I have GOT to see the tripod-camera-mount-desk-lamp-camera-holder-thingie!!!! Brilliant!!


No, seriously... I love things done without a "brain" just simple logic chips... Good stuff!


Do you recognise its intended purpose>

Very interesting video. I never knew that the spindle motor on a hard drive is an induction motor. I guess that makes sense -- they want it to be as quiet and long-lasting as possible, so it seems like the obvious choice.

I've been looking at lots of electric cars and power tools that use brushless induction motors, and I knew that they were driven by alternating current (single phase or three phase) rather than DC. I know that on the big motors, they usually use an inverter to generate the alternating pulses from a DC power source, which seemed like too much complexity for something smaller like a robot. It's interesting to know that you can generate the pulse train from much simpler hardware.

I guess since your three outputs go from 0v to full voltage, what you're generating is three square waves, whereas regular AC would be a sine wave. So I imagine the motor might not run quite as smooth with your driving method? Maybe the difference isn't really noticeable.I wonder how the HD's onboard controller drives the motor -- with an on/off approach like yours, or by generating something closer to a smooth sine wave? Anyway, thanks for the info.


Would a simple component not even out the square, make it more sine, I wonder?

(We HAVE to get some of them oscillo-thingeys!)

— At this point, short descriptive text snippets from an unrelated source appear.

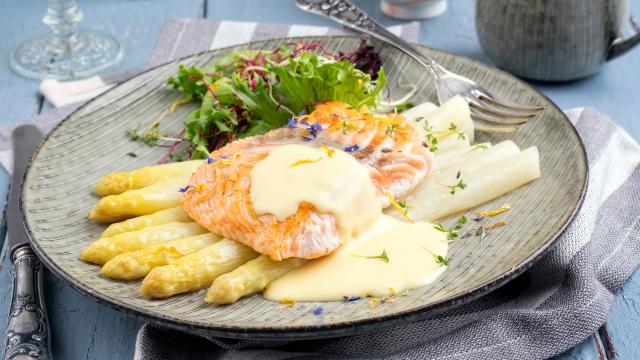 Homard, saumon, langouste : quelle sauce choisir pour sublimer ces aliments lors des fêtes ?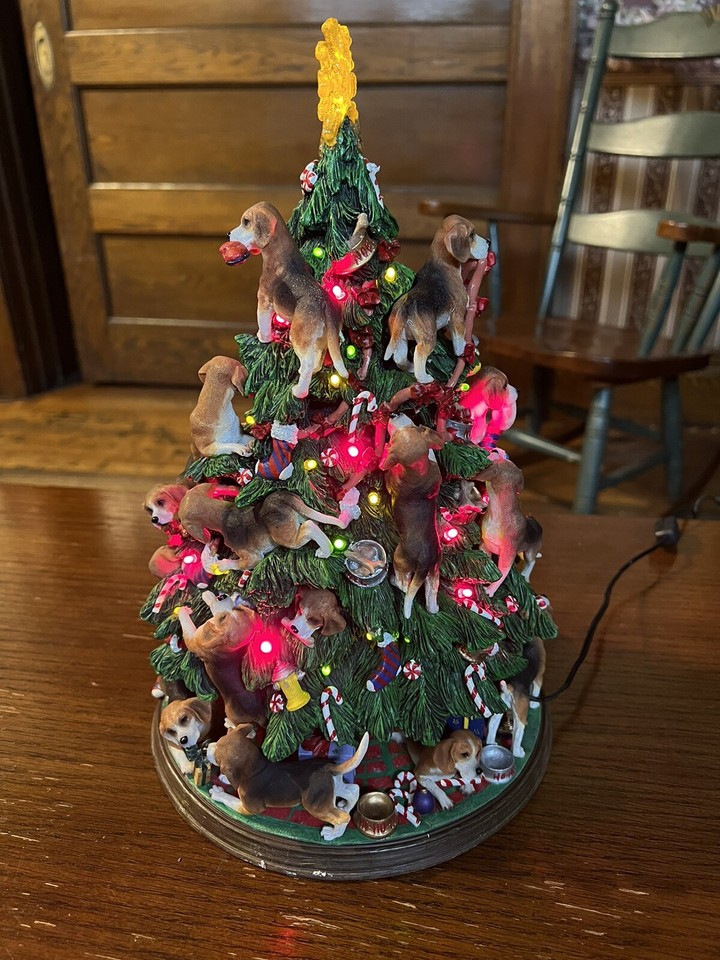 Danbury Mint Beagle Dog Tree Works Plug In With Star!!! eBay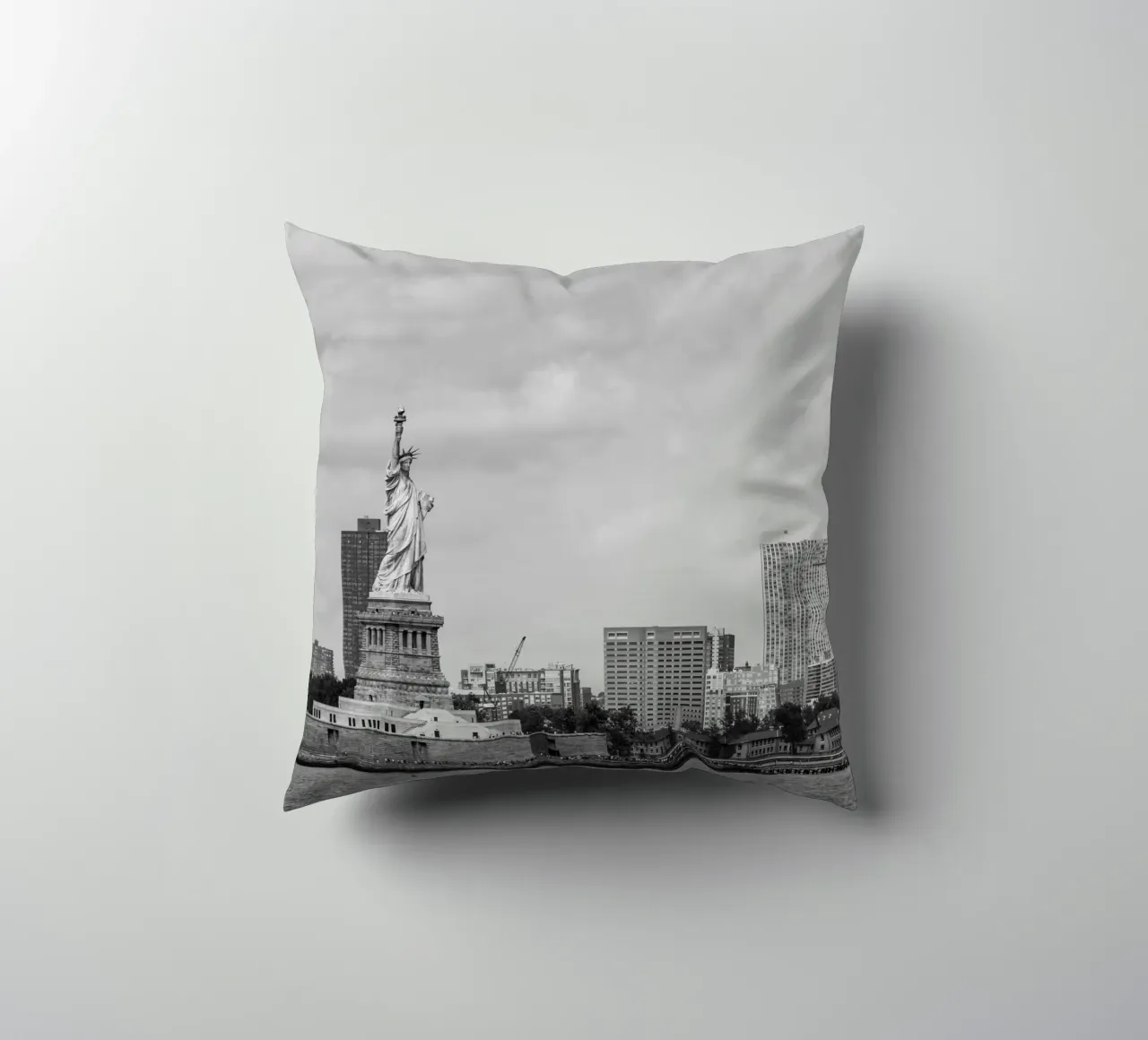 Statua dei liberti Stile B&N cuscino da Carinaprint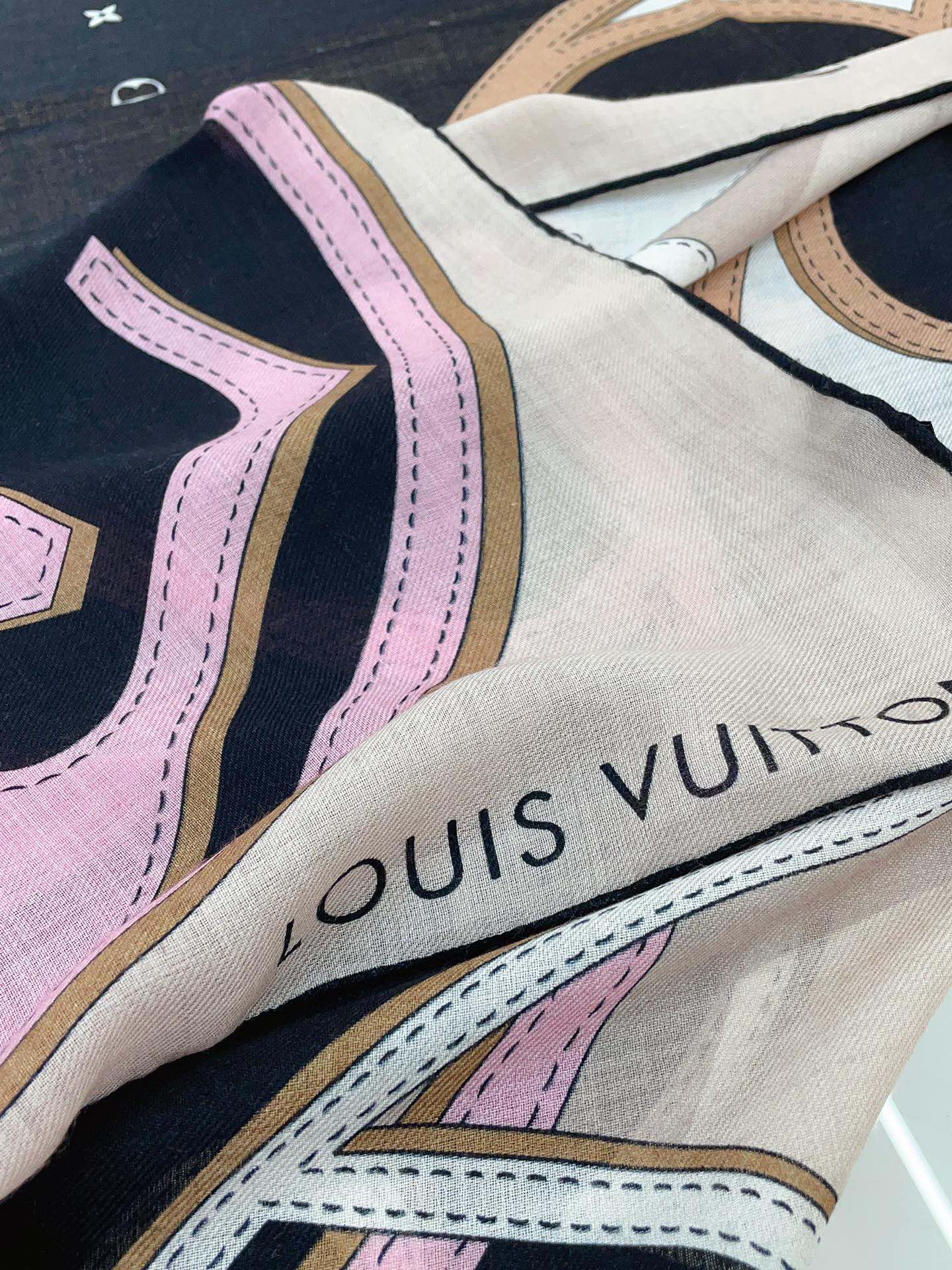 Streetwear Scarf LV 328839 size:140*140cm - vstockx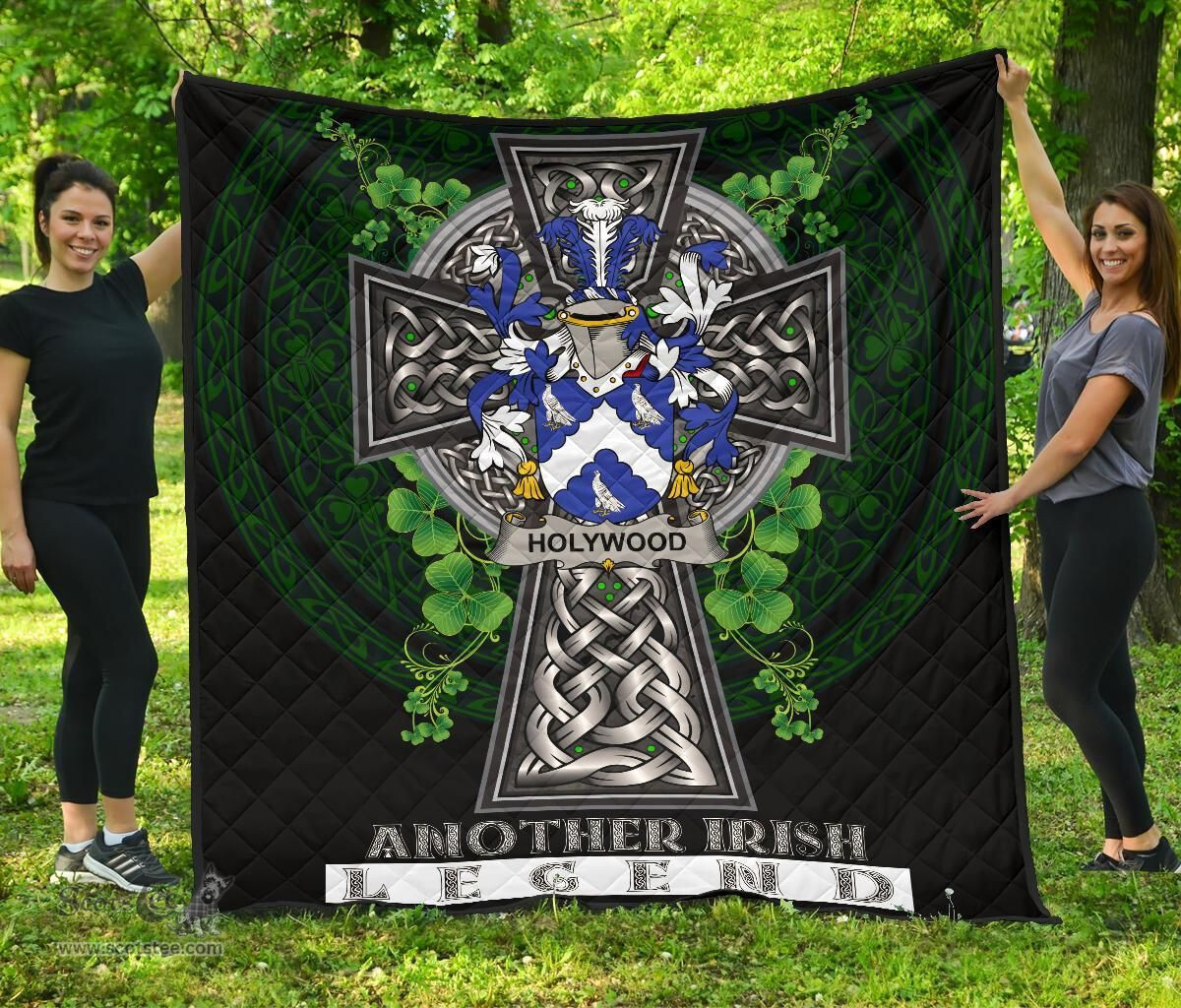 ScotsTee Shop Irish Holywood Coat of Arms Family Crest Ireland Quilt Ireland Legend Quilt
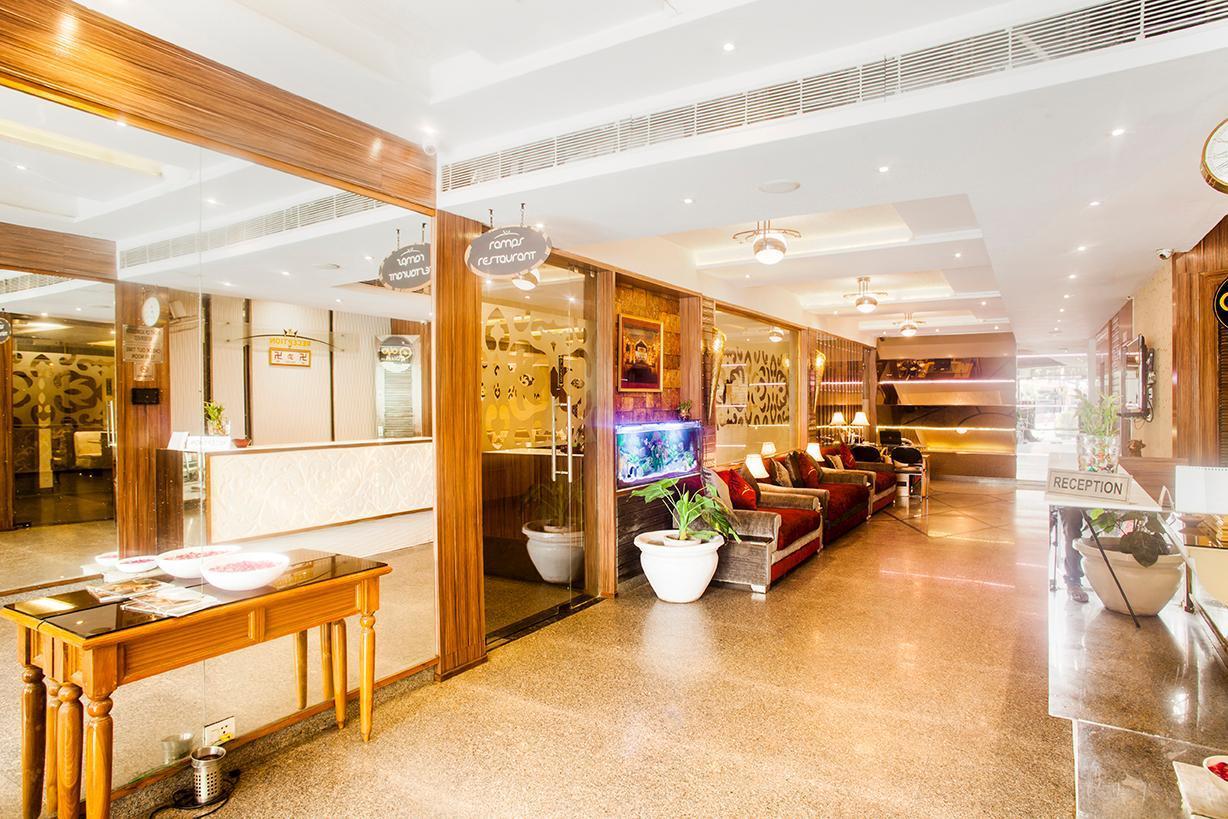 Hotel Poonam Plaza Agra  Bagian luar foto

You're talking Capacitors. I believe those are also used to "round off" the sharp corners on a CDROM audio signal. It's the size that I cannot fine tune in my current setup. I need a scope for that indeed.

Also, I was hoping the inductance of the motor might help out. The fact that current through the motor drops with higher RPM seems at least hopefull.


Should this be a walk through or tip?


Most definetly! Chage title to "how to.." and go!

Looking forward to dive more into this :) And thanks for making it.

If you re-enter, PM me or something, or BOA or Dan, to delete the blog entry. If you want to keep a record in your blog, you can aso re-enter this as a tip, and just change the blog entry to a "today I made this: (Link) 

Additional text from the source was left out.